Theodore Sihpol III, a former broker with Bank of America, surrendered to authorities in New York and faces two counts of larceny and securities fraud. He could be jailed for between eight and 25 years if found guilty.
The securities and exchange commission, the US regulator, also filed civil charges alleging that the broker violated federal securities laws.
Mr Sihpol, 36, was dismissed from Bank of America. He is one of at least six employees in the firm's mutual funds business to have left since the first results of Mr Spitzer's investigation into improper trading were announced this month.
The investigation has rocked the $7 trillion mutual funds business, favoured by many ordinary Americans as a safe haven for their money and commonly used for retirement and college savings plans.
"This is a wide-ranging and continuing investigation which is likely to result in numerous other charges," Mr Spitzer said.
The investigation relates to "late trading" in mutual funds.
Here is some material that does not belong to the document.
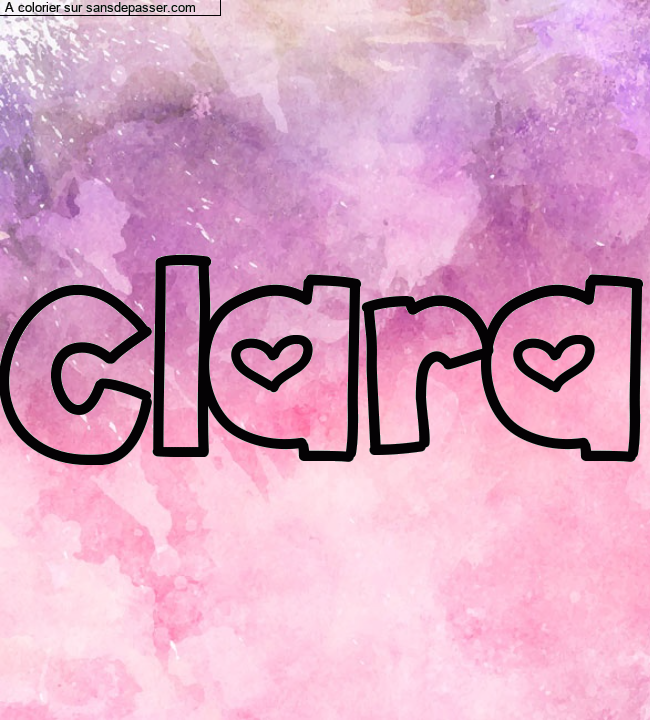 Coloriage pr&eacute;nom personnalis&eacute; "clara" par MA&Ecirc;LISEBlack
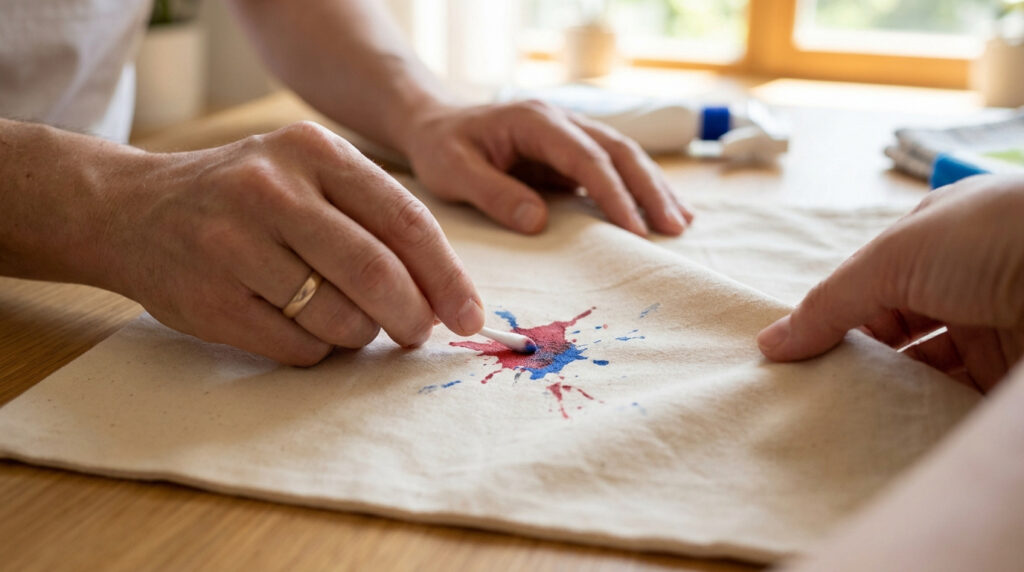 Une personne nettoie une tache de peinture rouge et bleue sur un tissu beige avec un coton-tige.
This allows favoured clients to buy shares in funds after the 4pm close of the market when the price is set, allowing them to profit on market-moving events beyond the end of the session. Mr Spitzer has likened the practice to allowing investors to bet on a horse race after it is over.
In a $40m settlement with the hedge fund Canary Capital Partners two weeks ago, Mr Spitzer implicated mutual funds owned by Bank of America, Janus, Strong Capital Management and Bank One. Canary did not admit wrongdoing in the settlement.
Mr Spitzer alleges that Mr Sihpol played a central role in enabling certain hedge fund customers, including Canary, to engage in late trading in shares of funds offered by Bank of America. Mr Spitzer said that illegal trading schemes "potentially cost mutual fund shareholders millions of dollars annually".
He was surprised at how rife improper trading appeared to be. "We have seen more impropriety than we would have expected. We do not yet know whether it was just one employee at Bank of America or many others at the bank or other firms."